Greenplum Streaming Server 1.5.0 resolves these issues:

30332
In some cases when GPSS reused external tables for jobs, it did not update the external table that it uses internally for load operations when the target Greenplum table definition was modified.
171299427
Resolves an issue where GPSS was unable to cancel a batch write operation when it encountered an error, and left a lingering session.

Deprecated Features

Deprecated features may be removed in a future release of the Greenplum Streaming Server. GPSS 1.5.x deprecates:

  • The gpkafka Version 1 configuration file format (deprecated since 1.4.0).
  • The gpkafka.yaml (versions 1 and 2) POLL block, including the POLL:BATCHSIZE and POLL:TIMEOUT properties (deprecated since 1.3.5).

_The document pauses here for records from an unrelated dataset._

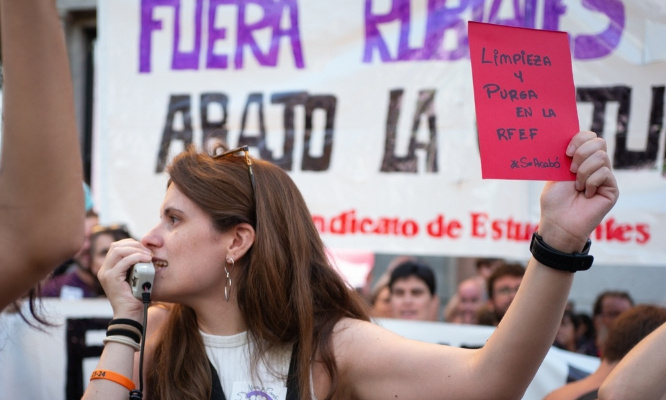 Pour la démission de Luis Rubiales, le président de la Fédération espagnole !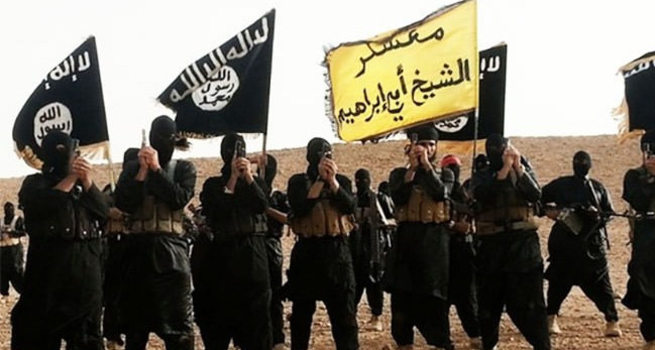 Yüzbinlerce kişi Rakka’dan kaçıyor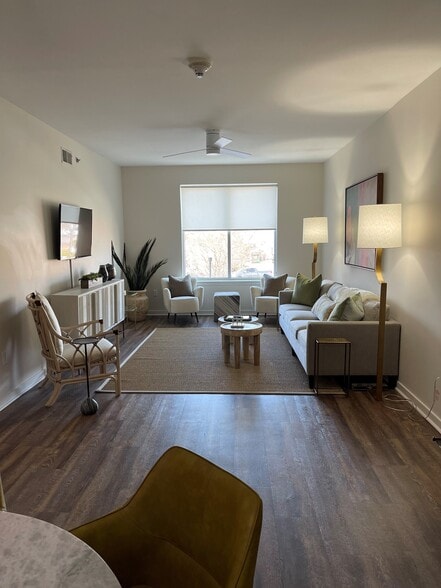 Building Photo - Vista Lofts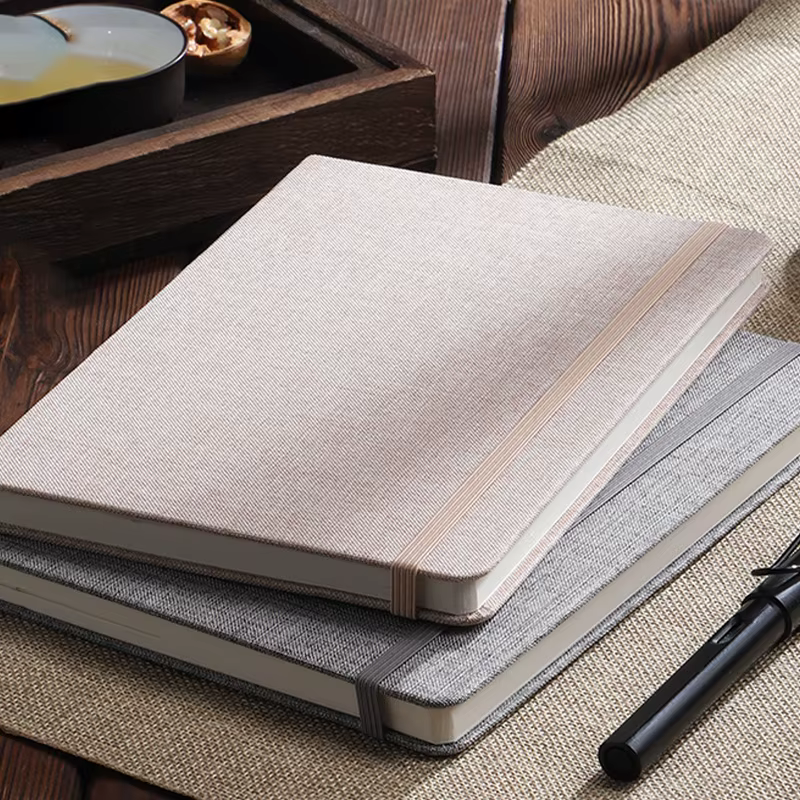 Cuaderno Planificador Diario A5 en Lino – Tapa Dura con Correa - imagen 2
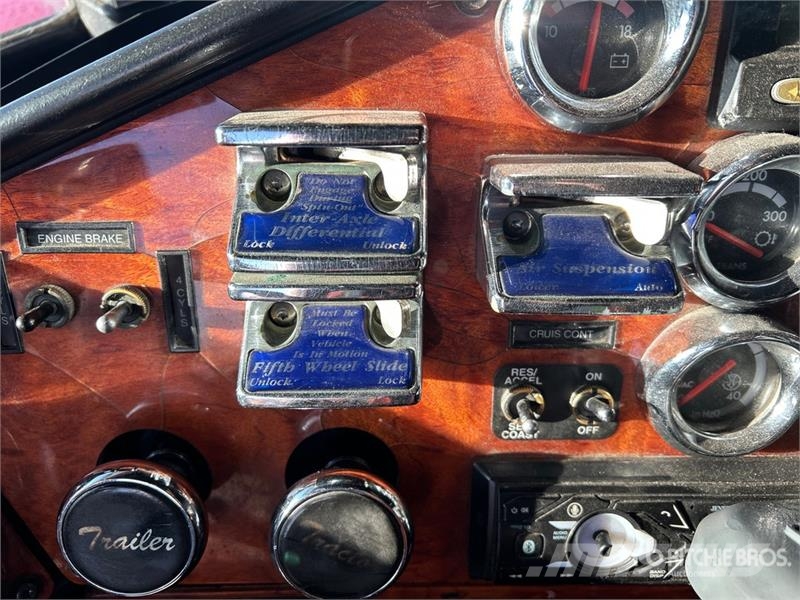 Freightliner Classic 120 Седельные тягачи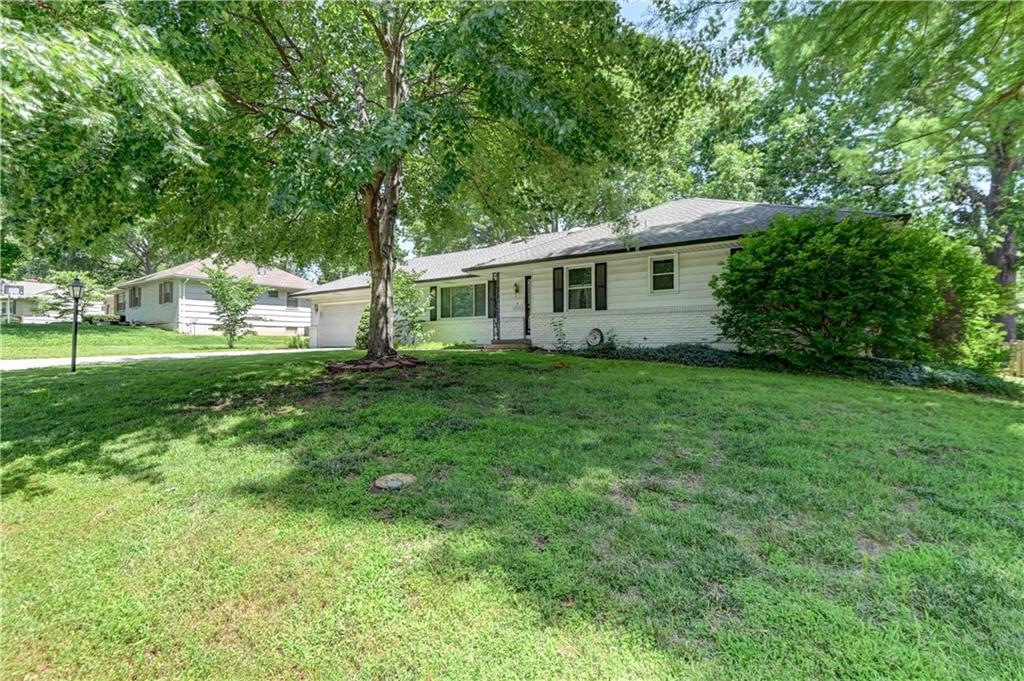 Photo 4 of 10500 E 79th Terrace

Known Issues and Limitations

Greenplum Streaming Server 1.5.x has these known issues:

N/A
The SAVE_FAILING_BATCH and PARTITIONS configuration properties are not supported when you use the version 1 configuration file format to load data.
N/A
The Greenplum Streaming Server may consume a very large amount of system memory when you use it to load a huge (hundreds of GBs) file, in some cases causing the Linux kernel to kill the GPSS server process. Do not use GPSS to load very large files; instead, use gpfdist.
30503
Due to limitations in the Greenplum Database external table framework, GPSS cannot log a data type conversion error that it encounters while evaluating a mapping expression. For example, if you use the expression EXPRESSION: (jdata->>'id')::int in your load configuration file, and the content of jdata->>'id' is a string that includes non-integer characters, the evaluation fails and GPSS terminates the load job. GPSS cannot log and propagate the error back to the user via gp_read_error_log().
Workarounds for Kafka:
  • Set the SAVE_FAILING_BATCH load configuration property to true, and then manually load any data batch that included expression errors.
  • Skip the bad Kafka message by specifying a --force--reset-xxx flag on the job start or load command.
  • Correct the message and publish it to another Kafka topic before loading it into Greenplum Database.